Dr. Mugele later discovered the patient lived several hours away, was undocumented, and only received occasional dialysis. He had suffered a previous heart attack. “Imagine if he continues this way,” Dr. Mugele said. “He will collapse somewhere where there won’t be bystanders.”
The emergency doctor said he has seen similar cases “dozens of times” in his three years working in Georgia.
Dr. Das and Kasper are completing research on the issue for submission to a peer-reviewed journal. They did a survey involving 90% of the hospitals in Georgia and estimate that there are 500 to 800 undocumented immigrants who are dialysis patients across Georgia at any one time.

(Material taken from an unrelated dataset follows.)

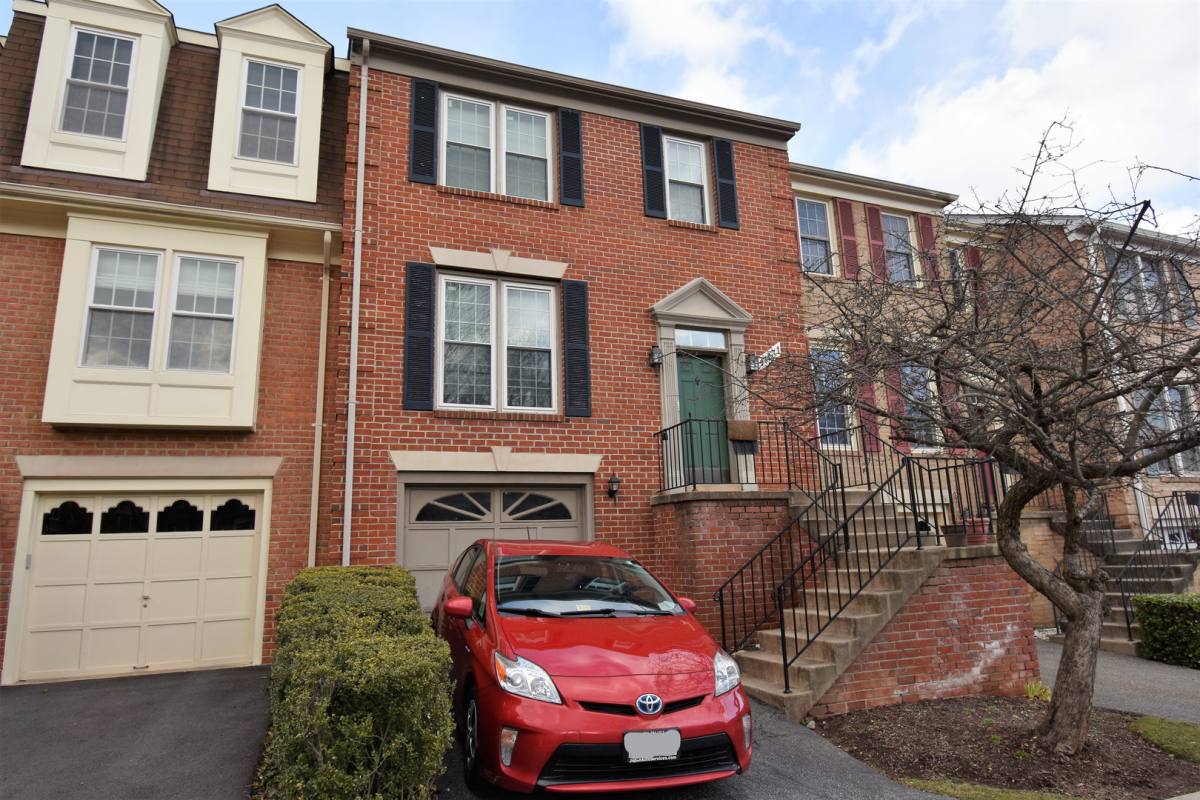 Townhouse for rent at 11131 Cedarwood Dr, Rockville, MD 20852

Another voice in support of a change comes from the Medical Association of Georgia, a group representing physicians. The association passed a resolution late last year in support of pursuing a “fiscally responsible” change to state Medicaid or other government programs to cover routine dialysis for undocumented patients, said Bethany Sherrer, director of government relations and general counsel.
Dr. Liliana Cervantes cared for a patient who she then befriended until the woman died in 2014 after being unable to obtain regularly scheduled dialysis. The internal medicine hospitalist set about seeking a change in her state of Colorado. It took a few years, but the state moved in 2019 to include scheduled dialysis for undocumented immigrants under Emergency Medicaid. Now, Dr. Cervantes informally advises medical colleagues in five states seeking to do the same, including Georgia.
In her experience, she said, “every environment has policymakers who are polarized. It’s important to understand factors that would influence their decision-making. In Colorado, the most important factor was cost.” Dr. Cervantes added that “not only does emergency dialysis cost more — people are able to rejoin the workforce more quickly and contribute to the tax base if they receive regularly scheduled dialysis. So it’s a win-win for everyone.”
Kasper said she hopes Jerry Dubberly, state Medicaid division chief, makes the change without needing the state Legislature to act, but realizes the issue may require changing Georgia code. Officials at Grady Memorial Hospital said they are “in communication” with the Department of Community Health, which oversees Medicaid, about “policies in other states” that have addressed undocumented immigrants with kidney failure.
The issue is not new in Georgia, she noted: in 2010, Grady, Emory and private dialysis centers agreed to cover treatment for a small group of undocumented patients and sent a smaller group back to Mexico. Nearly half of the second group died.
But now, the problem is more acute, not only because the population of undocumented immigrants has grown, but because the emergency room has become a much-needed, limited resource each time there’s a surge in COVID cases. “I’ve seen this problem get worse during the pandemic — when we’re resource short,” said Kasper.
The situation has contributed to what Dr. Das called “moral injury,” a concept described by one researcher as “a deep emotional wound ... unique to those who bear witness to intense human suffering and cruelty.” Moral injury in healthcare workers has been described as prevalent in research on this issue, and has also increasingly surfaced during the pandemic.
“They cry. You cry. You see patients deteriorate so quickly,” Kasper said. “The ones who are still alive are in terrible condition. It’s really hard to watch.”